Meet the lawyers of the future
AI and the legal profession:
In the last article we looked at how technology was changing the practice of law. In this piece we delve further into the topic to understand what skills specifically will be important for future lawyers and why. Understanding how these skills are viewed in the wider technological change impacting the profession are key for young lawyers to future proof their careers, even before they enter the workforce.
But what are these important skills that lawyers should have? What are the likely skillsets that make an employment-ready lawyer?
There are few challenges to the core skillset for lawyers. These capabilities, skills, values and knowledge need to be client focussed, open and adaptable. Lawyers need to be effective and empathetic communicators, drafters, negotiators and advocates. Drafting legal documents and letters have become more of a checking of the technology rather than manually drafting from scratch. There is becoming more written advocacy and AI might even assist in that new direction but there are other skills that are more ‘human centred’. Judgement and interpretation also still tend to be better done by humans.
Some commentators suggest that ethics for lawyers is therefore more important than ever. Being ethical, of good character, socially responsible, acting fairly with honesty and integrity, while taking responsibility for one’s own actions, equitably holding the injustice of others to account. These are important qualities for the arbiters of justice, important for equitable community outcomes. Can an AI bot be programmed to ethical? Let’s not try to answer just yet.
There are lessons many of us have learntabout technology. Lawyers must be strategic, adaptable, and innovative with technology, creative in seeking effective solutions for clients.
The ‘most human’ skillsets are those often referred to as interpersonal and teamwork: effective interpersonal skills including emotional and social intelligence, adaptable, reflective and being an open-minded team player. These are the general employability skills of the present and the future for most professions and industry. Lawyers are no exception.
Not only is there increasing internationalision of Australian Law (The Increasing Internationalisation of Australian Law) but writers like Susskind point to interactions between people from other professions and a blurring between professional roles.
Many legal employers are keen for their staff to understand service and business. Not just the ability to value add (“would you like some succession planning with your Will”?) but a broader sense of service: a lawyer who upholds service to the administration of justice, and clients as commitment, virtue and value, adaptable, entrepreneurial, and creative.
Since rolling covid lockdowns, a new world is here that understands the importance of wellbeing and resilience for humans. Many legal employers are now realising that the best employer is a resilient legal professional who effectively self-manages one’s own wellbeing and promotes and encourages improved approaches to wellbeing in the workplace.

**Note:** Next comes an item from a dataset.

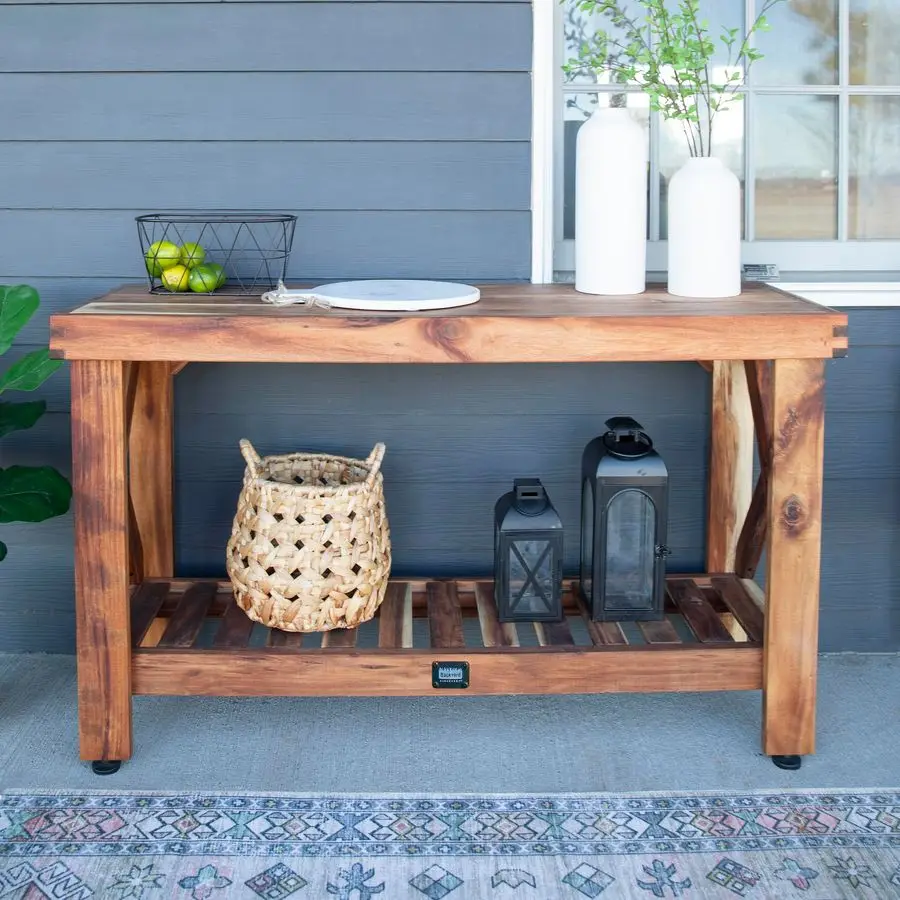 

48 Acacia Wood Farmhouse Narrow Console Table with Lower Slat Storage Shelf, WaterResistant Design for Patio, Deck, Entryway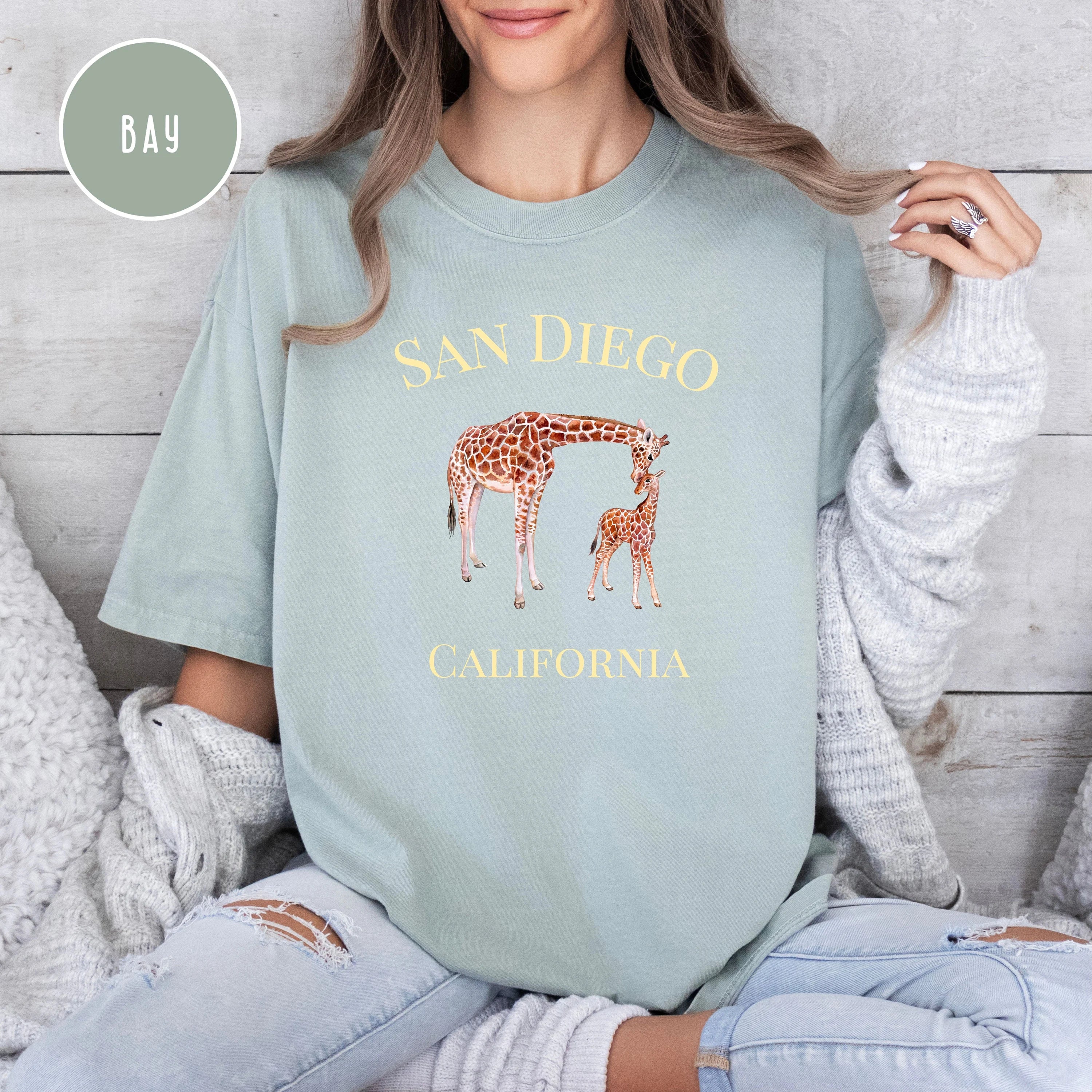 San Diego Mom & Baby Giraffe Comfort Colors® Tee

Navigation of the law and legal practice
These are the skillsets of now and the future. The idea that a lawyer is primarily someone who ‘knows the law’ is not a completely outdated idea just yet. Many lawyers know that it’s more about navigation of the law and its procedural patterns. Explaining the law to clients, helping them understand their obligations and responsibilities, helping them at difficult times, guiding them through the law, being objective and assertive advocates for clients and trusted advisors to them. This is the human face of the law that commentators are telling us is more important for legal practice than ever.
While AI and other technological developments will help us process more promptly and effectively and some areas of service delivery and expertise will be replaced, it is clear that the lawyer of now and the future is one with human skills, a convergent and divergent creative thinker with a well-developed ethical skillset who has empathy and can communicate well in a range of different scenarios. The more lawyers we have like this, the better it might be for the protection of society and for the administration of justice.